- _Try it_:
Please repeat exactly the lines below from the one containing "Women's Bohemian Platform Slide Sandals" down to the one containing "Beechfield EarthAwareÂ® Classic", both included, and nothing else.

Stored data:
☆ ☆ ☆ ☆ ☆

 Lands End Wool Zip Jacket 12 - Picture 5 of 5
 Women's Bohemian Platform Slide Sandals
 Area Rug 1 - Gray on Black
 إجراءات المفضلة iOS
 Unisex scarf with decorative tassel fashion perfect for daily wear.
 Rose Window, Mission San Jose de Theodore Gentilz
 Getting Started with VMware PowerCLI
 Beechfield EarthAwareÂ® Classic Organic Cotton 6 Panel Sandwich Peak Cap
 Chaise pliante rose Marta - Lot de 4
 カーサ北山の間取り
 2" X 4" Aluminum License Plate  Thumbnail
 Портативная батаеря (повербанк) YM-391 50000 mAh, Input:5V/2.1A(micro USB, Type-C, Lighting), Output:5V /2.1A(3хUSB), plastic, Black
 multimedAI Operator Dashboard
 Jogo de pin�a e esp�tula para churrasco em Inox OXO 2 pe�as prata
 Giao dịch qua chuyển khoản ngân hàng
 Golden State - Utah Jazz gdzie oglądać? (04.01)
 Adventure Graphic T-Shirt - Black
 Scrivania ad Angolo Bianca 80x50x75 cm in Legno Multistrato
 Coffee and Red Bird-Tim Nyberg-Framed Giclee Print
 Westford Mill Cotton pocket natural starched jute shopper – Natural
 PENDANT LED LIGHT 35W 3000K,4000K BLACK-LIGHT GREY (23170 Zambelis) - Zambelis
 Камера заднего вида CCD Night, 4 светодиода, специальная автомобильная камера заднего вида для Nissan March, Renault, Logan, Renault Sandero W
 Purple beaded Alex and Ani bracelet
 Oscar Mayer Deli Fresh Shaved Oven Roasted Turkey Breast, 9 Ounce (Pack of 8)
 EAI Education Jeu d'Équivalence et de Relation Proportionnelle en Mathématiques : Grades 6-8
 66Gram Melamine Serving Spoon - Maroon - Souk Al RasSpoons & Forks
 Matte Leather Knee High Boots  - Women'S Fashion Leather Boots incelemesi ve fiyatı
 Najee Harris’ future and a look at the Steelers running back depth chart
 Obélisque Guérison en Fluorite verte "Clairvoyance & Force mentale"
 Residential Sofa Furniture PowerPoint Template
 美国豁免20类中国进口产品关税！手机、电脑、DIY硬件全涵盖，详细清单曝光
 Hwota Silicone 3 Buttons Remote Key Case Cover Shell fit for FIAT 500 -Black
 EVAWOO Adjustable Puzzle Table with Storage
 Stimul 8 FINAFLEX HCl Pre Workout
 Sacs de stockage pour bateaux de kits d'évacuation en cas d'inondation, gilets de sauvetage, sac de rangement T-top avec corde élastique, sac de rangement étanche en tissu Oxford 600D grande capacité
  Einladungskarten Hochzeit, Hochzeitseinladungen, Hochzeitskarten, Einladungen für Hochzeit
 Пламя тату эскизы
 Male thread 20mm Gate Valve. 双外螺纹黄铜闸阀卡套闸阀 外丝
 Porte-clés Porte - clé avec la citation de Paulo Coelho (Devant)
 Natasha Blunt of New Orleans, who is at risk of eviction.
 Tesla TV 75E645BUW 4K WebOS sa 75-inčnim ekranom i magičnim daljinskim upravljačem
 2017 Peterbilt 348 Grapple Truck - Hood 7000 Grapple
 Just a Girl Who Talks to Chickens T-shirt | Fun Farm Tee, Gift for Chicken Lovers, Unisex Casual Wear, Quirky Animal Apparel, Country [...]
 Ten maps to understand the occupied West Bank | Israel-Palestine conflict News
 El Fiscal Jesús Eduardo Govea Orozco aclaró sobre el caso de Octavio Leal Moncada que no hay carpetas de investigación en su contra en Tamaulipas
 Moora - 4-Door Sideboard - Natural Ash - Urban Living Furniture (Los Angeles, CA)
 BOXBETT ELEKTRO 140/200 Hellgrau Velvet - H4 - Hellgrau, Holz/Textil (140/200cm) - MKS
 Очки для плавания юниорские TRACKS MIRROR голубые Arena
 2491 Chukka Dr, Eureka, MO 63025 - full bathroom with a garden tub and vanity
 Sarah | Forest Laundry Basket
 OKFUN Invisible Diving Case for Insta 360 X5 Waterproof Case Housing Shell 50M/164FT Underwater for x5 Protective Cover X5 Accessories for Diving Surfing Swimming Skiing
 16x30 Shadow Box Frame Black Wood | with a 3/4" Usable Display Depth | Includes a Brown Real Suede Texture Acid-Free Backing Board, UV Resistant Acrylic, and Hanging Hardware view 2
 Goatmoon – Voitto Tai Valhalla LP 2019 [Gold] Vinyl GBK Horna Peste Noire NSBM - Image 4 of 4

☆ ☆ ☆ ☆ ☆

- _Solution below_:
 Women's Bohemian Platform Slide Sandals
 Area Rug 1 - Gray on Black
 إجراءات المفضلة iOS
 Unisex scarf with decorative tassel fashion perfect for daily wear.
 Rose Window, Mission San Jose de Theodore Gentilz
 Getting Started with VMware PowerCLI
 Beechfield EarthAwareÂ® Classic Organic Cotton 6 Panel Sandwich Peak Cap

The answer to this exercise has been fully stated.